INTENTIONALLY DEFECTIVE GRANTOR TRUSTS PROTECT ASSETS FROM ESTATE AND GIFT TAXES
- Cummins & White, LLP developed a plan to help the owner of a successful business protect more than $30 million from estate and gift taxes by creating Intentionally Defective Grantor Trusts.
- Based on its expertise in estate, gift, and income tax law, the firm created separate trusts—one for each of the owner’s children. This strategy allowed money to be moved out of the owner’s taxable estate and transferred gains to the heirs tax-free.
Cummins & White, LLP provided assistance to the owner of a multi-million dollar business when she created Intentionally Defective Grantor Trusts for her children as a way to protect her assets from estate and gift tax upon her death.
The proprietor of a mid-size manufacturing and development firm wanted to ensure that the family business would be passed to the children, and ultimately grandchildren without leaving these heirs with a sizeable tax bill.
The challenge was that the value of the business, combined with other components, was significant—close to $50 million—and that at the death of the first generation, the estate would be liable for millions of dollars in estate tax (the federal estate tax affects individual estates worth more than $3.5 million at a rate of 45%).
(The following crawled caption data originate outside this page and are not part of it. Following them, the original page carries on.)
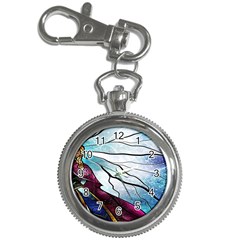 Anna Disney Frozen Stained Glass Key Chain Watches by artworkshop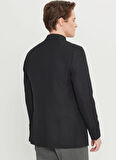 Altınyıldız Classics Slim Fit Siyah Erkek Ceket ACE004261378_SYH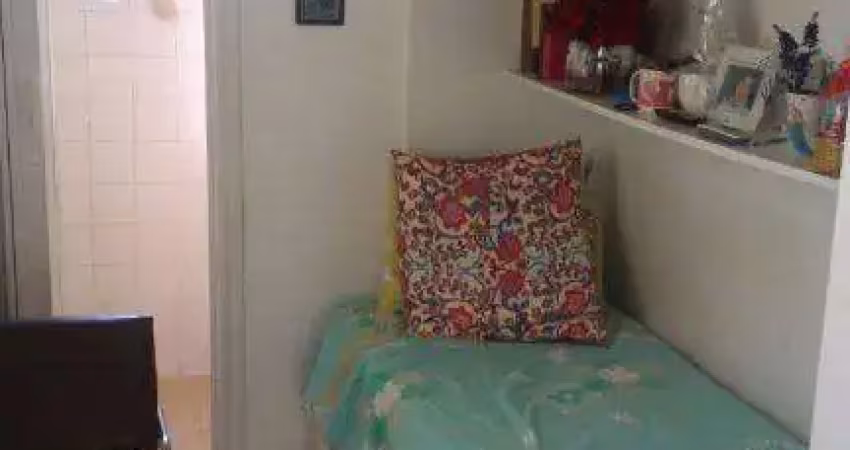 Apartamento residencial à venda, vila matias, santos.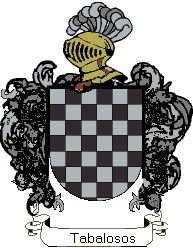 Escudo del apellido Tabalosos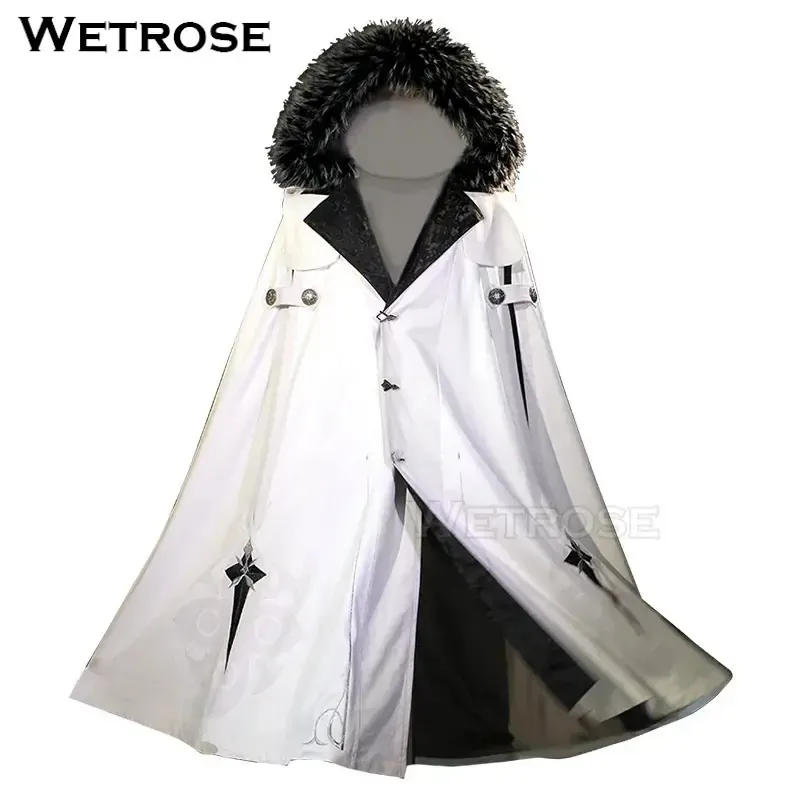 [Wetrose] Pre-Order Genshin Impact Eleven Fatui Harbingers Cape Badge Accessory Game Outfit Cosplay Costume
Without proper planning, the estate would have been forced to liquidate business assets in order to pay the tax bill.
Cummins & White, developed a strategy whereby the client transferred approximately $30 million in business assets to the children (and ultimately, grandchildren) without incurring significant estate and gift tax, thereby preventing a fire sale of the business following the death of the business owner.
The Cummins & White estate planning team created Intentionally Defective Grantor Trusts, otherwise known as “IDGTs,” for each of the owner’s children. Intentionally Defective Grantor Trusts can be structured in many ways and save heirs significant estate tax. In this instance, the firm implemented a plan whereby the client loaned money to each of the trusts to buy shares of the family business (lump sum transactions). Each trust agreed to pay for the shares over 10 years, with interest payments due each year, as well as a balloon payment of principal and interest due at the end.
For income tax purposes, the transfers are considered incomplete—there was no reportable gain on the transfer of the shares to each of the trusts because the client is still considered the owner of the trusts. As dividend payments from the company are made to the trusts, the client pays income taxes due upon distribution of the dividends, the size of the taxable estate is reduced, and the benefit of this reduction is passed to the heirs without incurring any gift tax liability.
For estate and gift tax purposes, the sale of shares to each IDGT is considered complete—the value of any appreciation in the shares is not included in the taxable estate upon the client’s passing. Also, because the “sales” were considered “arms length transactions,” based upon paying appraised value, the “sales” did not count as taxable gifts, avoiding use of the $1 million lifetime gift allowance.
The end result of each transaction was the freezing of the taxable estate at its present value, thereby reducing estate tax, and the transfer of capital appreciation free from gift tax. By choosing this strategy, the owner was able to transfer the family business to the children in a tax efficient manner and prevent the liquidation of the family business upon the client’s death.
According to Robert Lamm, counsel for Cummins & White, people who are looking for high-end estate planning are growing more familiar with Intentionally Defective Grantor Trusts and other types of estate freezing techniques, such as the transfer of assets to Grantor Retained Annuity Trusts. “Our client wanted to keep the business in the family,” Mr. Lamm said. “People who have spent a lifetime building their business want their children to share in that success. Without a well thought out and executed estate plan, estate taxes would be due, and in many instances, the heirs would need to either obtain a loan or liquidate the business in order to pay the tax bill. People don’t want to liquidate their businesses just to pay taxes. This type of transfer helps families retain ownership.”